We present SemEval-2026 Task 1: MWAHAHA (Models Write Automatic Humor And Humans Annotate), the first shared task on general-purpose humor generation. Systems must produce short jokes in English, Spanish, and Chinese under lexical or topical constraints (Subtask A) and generate humorous captions for GIFs (Subtask B). To discourage memorization and ensure fairness, all jokes must meet specific criteria, such as using infrequent word pairs or relating to recent news headlines. Evaluation is conducted through pairwise human preference judgments in a Chatbot Arena-style setting, yielding Elo-based rankings. The task attracted 309 registered users, with 37 teams submitting systems to the evaluation phase. Participating systems employ a wide range of NLP techniques, including generate-then-rank pipelines, reinforcement learning, parameter-efficient fine-tuning, retrieval-augmented generation, humor-theory-grounded prompting, and persona-based strategies. Our Gemini 2.5 Flash baseline, using simple prompts, tied for first place in all subtasks, and the majority of elaborate multi-stage pipelines only marginally surpassed it with overlapping confidence intervals. More work is necessary to outperform the simple usage of state-of-the-art large language models. We release all evaluation data, prompts, and leaderboard results to support future research in computational humor generation.

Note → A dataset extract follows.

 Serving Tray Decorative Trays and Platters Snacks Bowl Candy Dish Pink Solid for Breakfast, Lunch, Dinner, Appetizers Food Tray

Anthology ID:: 2026.semeval-1.454
Volume:: Proceedings of the 20th International Workshop on Semantic Evaluation (2026)
Month:: July
Year:: 2026
Address:: San Diego, California, USA
Editors:: Ekaterina Kochmar, Debanjan Ghosh, Kai North, Mamoru Komachi
Venues:: SemEval | WS
SIG:
Publisher:: Association for Computational Linguistics
Note:
Pages:: 3797–3822
Language:
URL:: https://preview.aclanthology.org/ingest-acl-workshops/2026.semeval-1.454/
DOI:
Bibkey:
Cite (ACL):: Santiago Castro, Luis Chiruzzo, Santiago Góngora, Naihao Deng, Salar Rahili, Ignacio Sastre, Aiala Rosá, Victoria Amoroso, Guillermo Rey, Guillermo Moncecchi, J. A. Meaney, Juan José Prada, and Rada Mihalcea. 2026. SemEval-2026 Task 1: MWAHAHA, Models Write Automatic Humor And Humans Annotate. In Proceedings of the 20th International Workshop on Semantic Evaluation (2026), pages 3797–3822, San Diego, California, USA. Association for Computational Linguistics.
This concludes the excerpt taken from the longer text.